I have been doing some writing recently about “pooled income” – an idea that has existed in various forms for over 2,000 years – and how this resource may prove to be one of the biggest salvations for the Baby Boomer generation.

I looked up some numbers today to run a quick comparison between various alternatives for generating income at current rates – money market deposits, long term treasuries, and an immediate life annuity.

For this comparison, I assumed a male age 65 with $500,000 to allocate.

Here is how the numbers came out,

  • Money Market. Money market rates today (4-25-16 / www.bankrate.com) were paying between 0.85% and 1.00%. Assuming a 1% return on a $500,000 allocation, yields an income of $5,000/year.
  • 30 Year Treasury Bonds. The  yield on 30 Year U.S. Treasuries today (4-25-16 / data.cnbc.com) was hovering around 2.72%. Assuming a 2.72% return on a $500,000 allocation, yields an income of $13,610/year.
  • Immediate Life Annuity. I visited the CNN Money Retirement Calculator and ran a $500,000 lump sum for a 65 year old male for an immediate life annuity in my area. The result came back an estimated $2,744 per month for an income of $32,928/year.

Yearly income $500,000 allocation

These numbers change practically by the minute, but the general conclusion is clear.
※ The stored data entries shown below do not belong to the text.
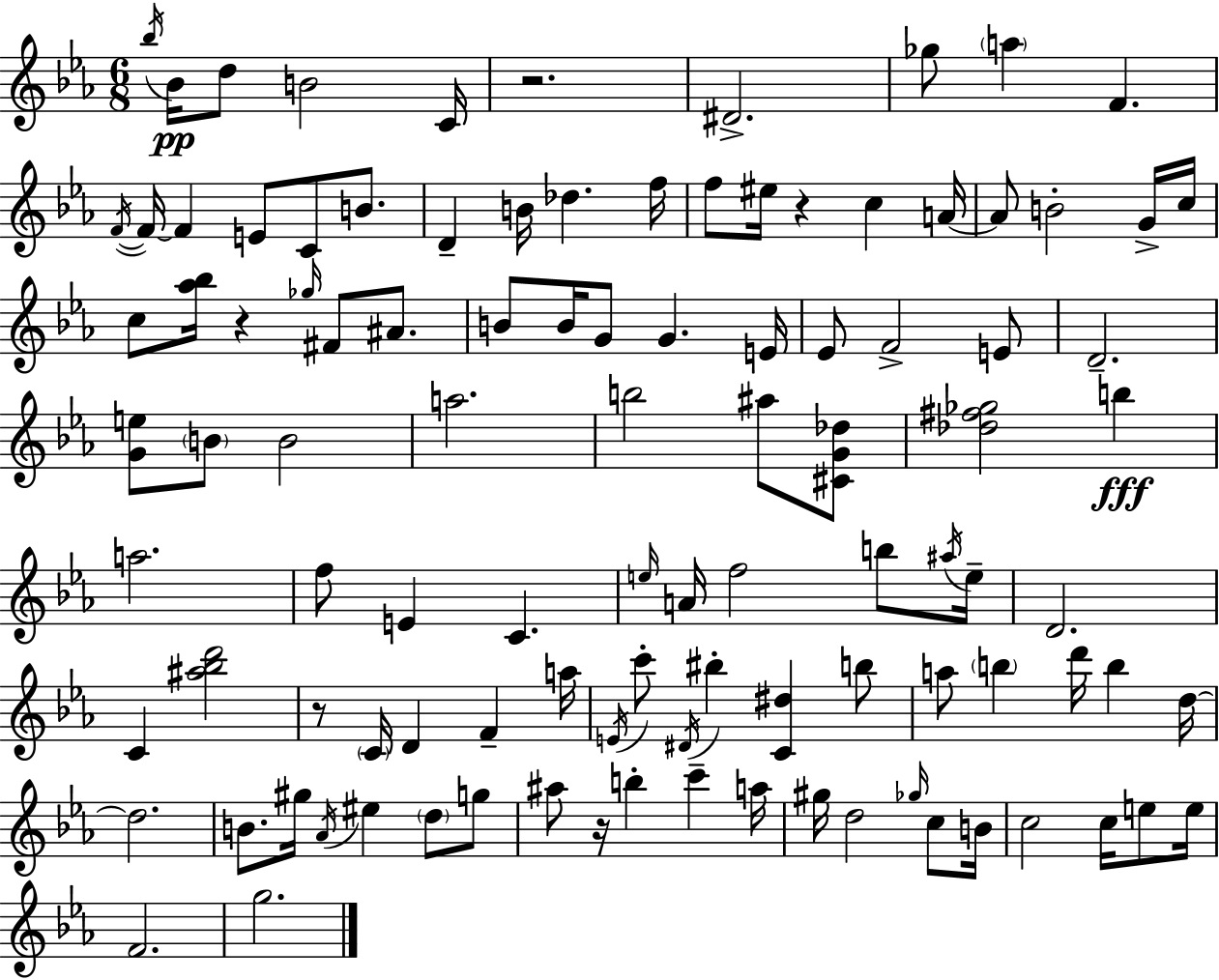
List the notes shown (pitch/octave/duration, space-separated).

Bb5/s Bb4/s D5/e B4/h C4/s R/h. D#4/h. Gb5/e A5/q F4/q. F4/s F4/s F4/q E4/e C4/e B4/e. D4/q B4/s Db5/q. F5/s F5/e EIS5/s R/q C5/q A4/s A4/e B4/h G4/s C5/s C5/e [Ab5,Bb5]/s R/q Gb5/s F#4/e A#4/e. B4/e B4/s G4/e G4/q. E4/s Eb4/e F4/h E4/e D4/h. [G4,E5]/e B4/e B4/h A5/h. B5/h A#5/e [C#4,G4,Db5]/e [Db5,F#5,Gb5]/h B5/q A5/h. F5/e E4/q C4/q. E5/s A4/s F5/h B5/e A#5/s E5/s D4/h. C4/q [A#5,Bb5,D6]/h R/e C4/s D4/q F4/q A5/s E4/s C6/e D#4/s BIS5/q [C4,D#5]/q B5/e A5/e B5/q D6/s B5/q D5/s D5/h. B4/e. G#5/s Ab4/s EIS5/q D5/e G5/e A#5/e R/s B5/q C6/q A5/s G#5/s D5/h Gb5/s C5/e B4/s C5/h C5/s E5/e E5/s F4/h. G5/h.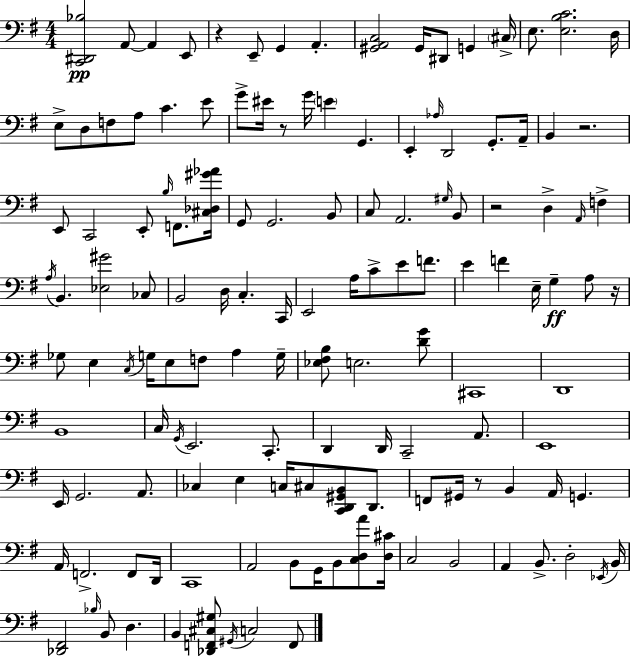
{
  \clef bass
  \numericTimeSignature
  \time 4/4
  \key e \minor
  \repeat volta 2 { <c, dis, bes>2\pp a,8~~ a,4 e,8 | r4 e,8-- g,4 a,4.-. | <gis, a, c>2 gis,16 dis,8 g,4 \parenthesize cis16-> | e8. <e b c'>2. d16 | \break e8-> d8 f8 a8 c'4. e'8 | g'8-> eis'16 r8 g'16 \parenthesize e'4 g,4. | e,4-. \grace { aes16 } d,2 g,8.-. | a,16-- b,4 r2. | \break e,8 c,2 e,8-. \grace { b16 } f,8. | <cis des gis' aes'>16 g,8 g,2. | b,8 c8 a,2. | \grace { gis16 } b,8 r2 d4-> \grace { a,16 } | \break f4-> \acciaccatura { a16 } b,4. <ees gis'>2 | ces8 b,2 d16 c4.-. | c,16 e,2 a16 c'8-> | e'8 f'8. e'4 f'4 e16-- g4--\ff | \break a8 r16 ges8 e4 \acciaccatura { c16 } g16 e8 f8 | a4 g16-- <ees fis b>8 e2. | <d' g'>8 cis,1 | d,1 | \break b,1 | c16 \acciaccatura { g,16 } e,2. | c,8.-. d,4 d,16 c,2-- | a,8. e,1 | \break e,16 g,2. | a,8. ces4 e4 c16 | cis8 <c, d, gis, b,>8 d,8. f,8 gis,16 r8 b,4 | a,16 g,4. a,16 f,2.-> | \break f,8 d,16 c,1 | a,2 b,8 | g,16 b,8 <c d a'>8 <d cis'>16 c2 b,2 | a,4 b,8.-> d2-. | \break \acciaccatura { ees,16 } b,16 <des, fis,>2 | \grace { bes16 } b,8 d4. b,4 <des, f, cis gis>8 \acciaccatura { gis,16 } | c2 f,8 } \bar "|."
}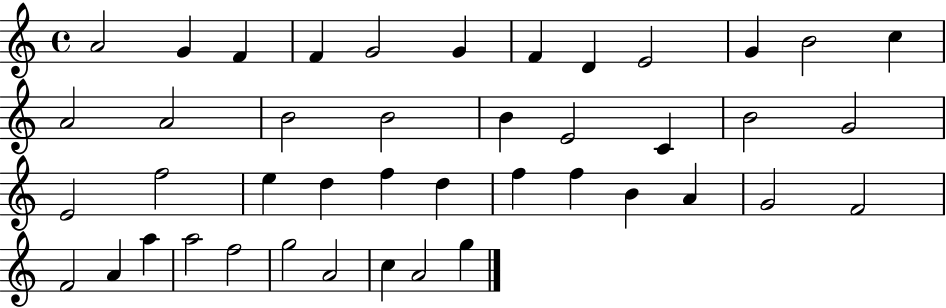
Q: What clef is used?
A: treble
The annuity far exceeds the income generating capacity of the other alternatives for the same allocated amount.

Why does the annuity yield so much more income?

Because it is a pooled income product.

Pooled income is the primary engine behind entities as commonplace as Social Security and defined benefit pension plans.  People with 401(k) plans only and no company pension to fall back on can benefit tremendously from learning more about the benefits of pooled income products.